Liquidity constraints still loom as one of the most paramount points of emphases at brokerages in 2021. In a market which is responsible for billions of dollars in transactions a day, any lapse in liquidity could spell calamity.
This is why it has become instrumental for brokers to secure Liquidity Providers in what has rapidly become a cutthroat industry.
Indeed, brokers are consistently demanding low prices for liquidity services. However, this is no easy feat and a fairly difficult decision given the wide range of factors that can influence business.
In 2021, brokers are looking more so than ever before to reconcile their liquidity needs while at the same time helping improve trading conditions for their clients.

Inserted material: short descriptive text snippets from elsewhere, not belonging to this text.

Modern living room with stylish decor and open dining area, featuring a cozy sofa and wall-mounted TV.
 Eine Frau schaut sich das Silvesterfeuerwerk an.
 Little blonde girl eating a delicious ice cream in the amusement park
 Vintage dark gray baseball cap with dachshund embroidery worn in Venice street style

This is hardly a novel concept, though one that has taken on a heightened layer of complexity during the era of Covid.
Rising Stakes in 2021
Brokers need access to a seamless flow of liquidity. Any delay or interruption has historically led to sizable consequences for brokers.
This includes an exodus of traders or worse, a failure to fill orders that presents its own list of issues.
For example, brokers that operate primarily as market makers are more likely to benefit from this approach.
In such instances, the decision of choosing the right liquidity provider is of large importance given the margin for error.
There are several brokers who stand to benefit from a single provider approach.
Given the scaling costs associated with onboarding multiple liquidity providers, it makes sense for some brokers to focus on a single provider.
A broker relying on a singular source of liquidity means that they are reliant on that venue. This includes any potential issues or disruptions the liquidity provider may face.
This strategy is far from a one-size-fits all approach. For one, the cost could be higher of working with multiple liquidity providers.
Is Onboarding Multiple Liquidity Providers the Right Call?
For some brokers, the idea of relying on multiple providers is just as incompatible as focusing on a single venue for liquidity needs.
This is a decision each brokerage must make in their best interests.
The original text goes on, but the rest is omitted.